- I exported from Roller into a MovableType format.
- I used the http://code.google.com/p/google-blog-converters-appengine/ project to convert the movable type file into a file suitable for Blogger import.
- However, all the dates were broken; they all showed up with today's date. I tracked this down to the fact that the converter filter assumes the times in the archive are in 12 hour format (with am/pm at the end, and for me they were not.) So I fixed this by replacing the following line in google-blog-converters-r89/src/movabletype2blogger/mt2b.py :
return time.strptime(mt_time, "%m/%d/%Y %I:%M:%S %p")
return time.strptime(mt_time, "%m/%d/%Y %H:%M:%S")
- The biggest challenge was dealing with the images; the blog converted okay but still referenced all my image resources on blogs.sun.com. To fix this, I first uploaded all my images to picasaweb and made them world writable. Then I looked at the page in picasaweb which shows thumbnails for all the images in the album, and I saved it. This file contains image links. Unfortunately, the images all end up with many different url prefixes, so it's not as simple as just replacing the old image prefix with the new one. I wrote a short Java program to extract all the image links, and create a map from file base name to the full url.

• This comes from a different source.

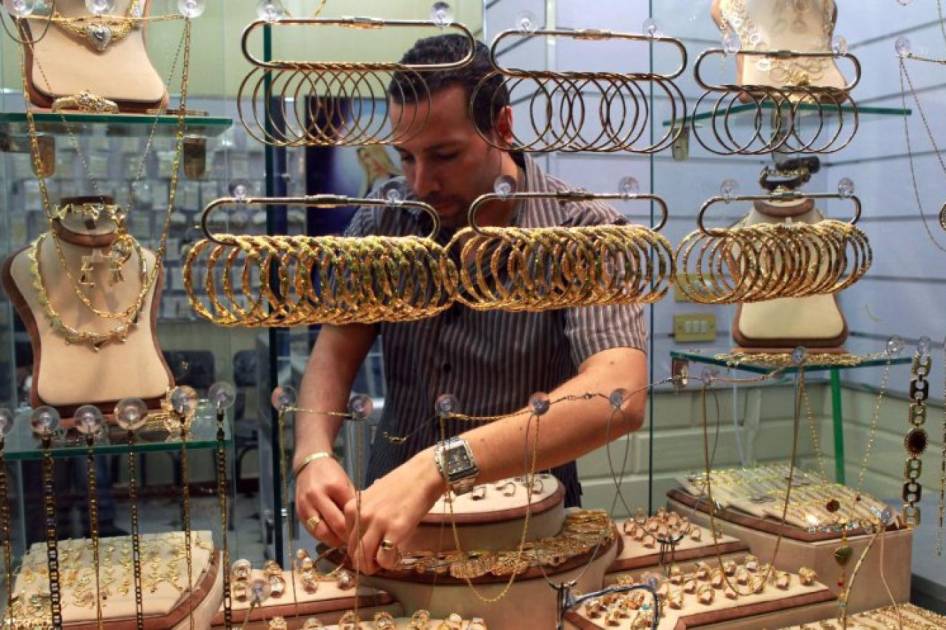 الذهب تحت ضغوط… هل الوقت مناسب للشراء في مصر؟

- I then wrote a simple Java program to rewrite the Blogger import file such that it replaces all urls of the form http://blogs.sun.com/... with the corresponding new Picasaweb url using the above map. I also took the image urls from the thumbnails and removed the /s128/ portion of the url, which gets you the original image rather than the thumbnail. (Also, it turns out picasaweb insists on converting all .png images and .gif images to .jpg, so the URLs have to adjusted for those cases.)
- I also did a little bit of post processing on the results; for example, I collapsed some repeated br tags that are no longer necessary, and I inserted a "This blog entry was imported and urls might be wrong"-warning at the top of each imported post.
- One final tip: I discovered that a number of my images were missing. It turns out that Picasa by defaults hides small images (of which I had many) - so these were not uploaded! There are places to both go and enable these as well as adding .gif to the list of included file extensions, so handling this is easy once you're aware of the problem.
Hopefully this helps anyone else wanting to make a similar migration. I have the Java code for the image url manipulation if anyone wants it (but it's not generic so you'll need to do a little massaging for your own needs.)